How Policing for Profit can lead to a Debtors’ Prisons: NMA E-Newsletter #429

Alexander City, Alabama has agreed to give $680,000 to nearly 200 people who were jailed because they were too poor to pay their court fines. The suit filed in September 2015 by the Southern Poverty Law Center (SPLC) claimed that the town ran “a modern-day debtors prison.” Indigent debtors served time in the municipal jail to pay off fines at the rate of $20 per day.

Alexander City’s lawyer Larkin Radley said that almost as soon as the suit was filed the city of 15,000 immediately changed its policies to allow poor people to pay fines either in installments or through community work. Although the city moved quickly to reform its jail system, the two sides needed a mediator to agree on how much to pay the plaintiffs in the class-action.

SPLC Deputy Legal Director Sam Brooke said that he hopes this suit and the settlement reached will encourage other court systems similar to Alexander City to change. He added, “The thing about modern-day debtors’ prisons is you never know where they’re going to be. They happen in places with local jurisdictions that have little oversight. That’s the only way a modern-day debtors prison can flourish. It only happens with people who are otherwise not accountable and no one is paying attention to them.”

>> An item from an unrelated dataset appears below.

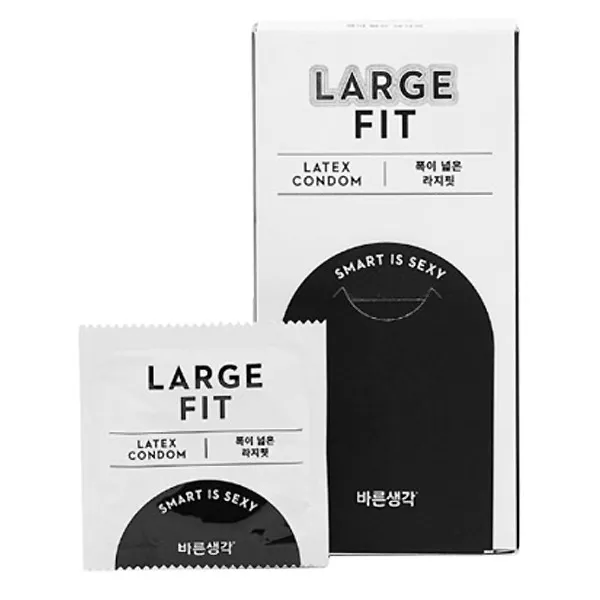 바른생각 라지핏 LARGE FIT 10P 바른생각콘돔 돌기형 도트형 돌출형 라텍스콘돔 초박형콘돔 울트라씬콘돔 극초박형콘돔, 12개입, 1개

In 1983, a U.S. Supreme Court decision banned jailing people because they cannot afford to pay fines. This standard has been eroding as more local governments have been using ticket fines to bolster revenues which has led to the jailing of more people who can’t pay.

This pernicious money grab by cities has ruined lives. When motorists cannot pay their traffic fines, they are faced with losing their driver’s licenses, their jobs, their housing and can go to jail. Trying to dig out of this spiral of poverty can be devastating to families.

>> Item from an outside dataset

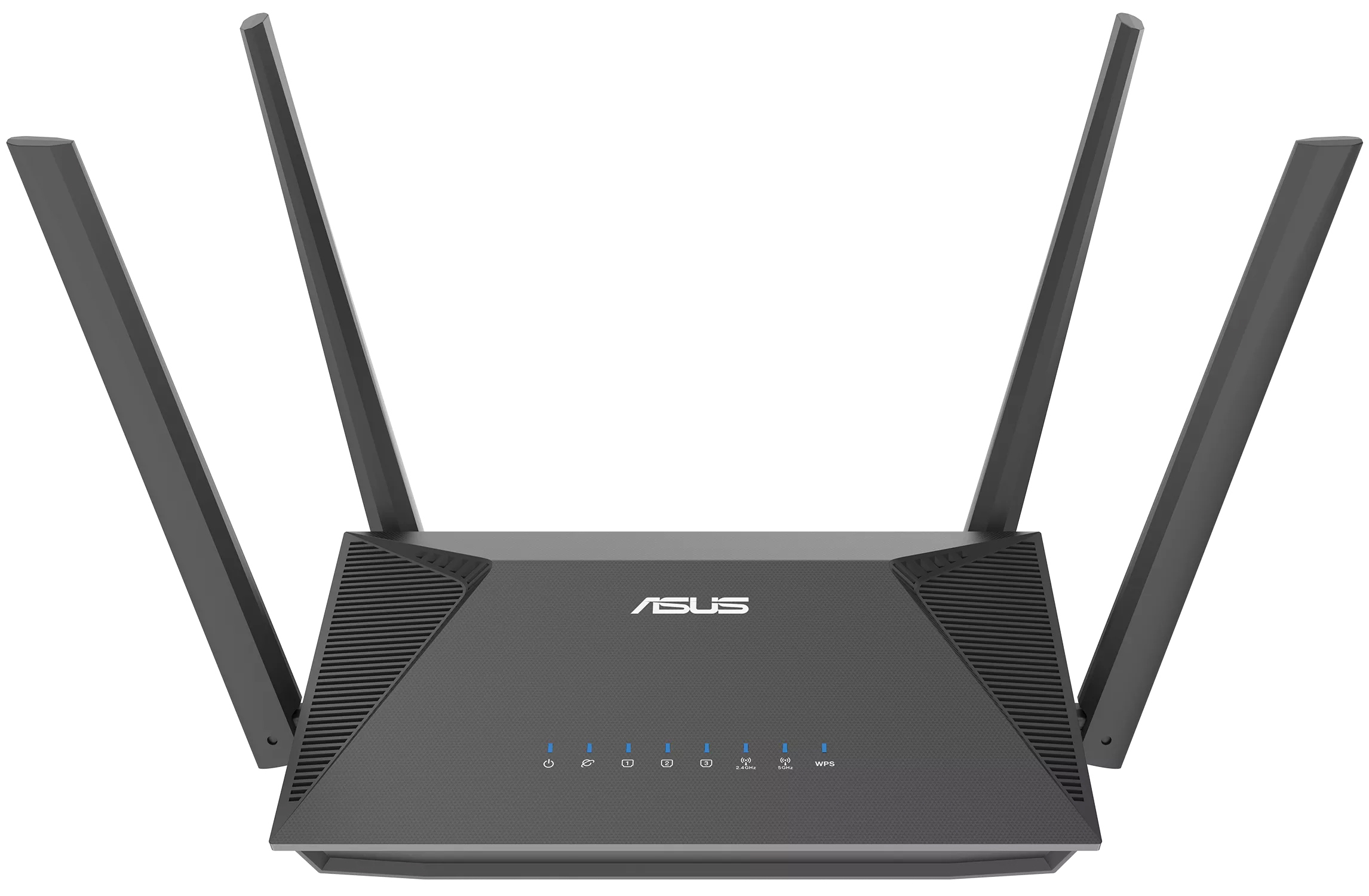 Czarny router ASUS RT-AX52 z czterema szeroko rozłożonymi antenami, widok z przodu na białym tle. Urządzenie posiada matową obudowę z centralnym białym logo ASUS oraz rząd siedmiu świecących na niebiesko diod kontrolnych LED.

One of the plaintiffs in the Alabama case is mother of five, Amanda Underwood, who was jailed twice for failing to pay traffic fines. According to court documents, Underwood will receive $15,000 and she said in an interview she plans to use the money to get back her suspended driver’s license and to find stable housing.  She added, “I just want to get my life back with my children.”

In more than a dozen states – Alabama, Arkansas, California, Colorado, Georgia, Illinois, Kansas, Louisiana, Michigan, Mississippi, Missouri, Tennessee, Texas, Virginia and Washington – civil rights groups have filed suits targeting court systems in large cities and smaller communities such as Alexander City. Ferguson, Missouri is one of the most notorious examples of a court system that emphasized revenue over justice.

One year ago, the America Civil Liberties Union (ACLU) testified before the U.S. Commission on Civil Rights hearing on Municipal Policing and Courts: A Search for Justice or a Quest for Revenue. In their statement, the ACLU outlined 10 best practice reforms of Policing for Profit based on measures brought about by a suit in Biloxi, Mississippi.

1)    Elimination of for-profit probation.

2)    Adoption of Detailed court procedures and a “Bench Card”

3)    Judge’s consideration of ability to pay at sentencing.

4)    Establishment of a full-time public defender’s office.

5)    Termination of failure-to-pay warrants and establishment of compliance hearings

6)    Alternatives to incarceration without additional participation fees.

7)    Adoption of a clear standard for determining the inability to pay.

8)    Limitation on jail for non-payment.

9)    Limitation on third-party collections.

10) Robust procedural protections before reporting of nonpayment pursuant to driver’s license suspension.

The NMA would like to add a Number 11 to the ACLU list: Cessation of predatory enforcement practices in locations where sound traffic engineering principles aren’t applied.

Modern-day debtors’ prisons need to stop and so does policing for profit. Perhaps the best way for this to happen is by filing more legal actions against cities to bring their policies to light.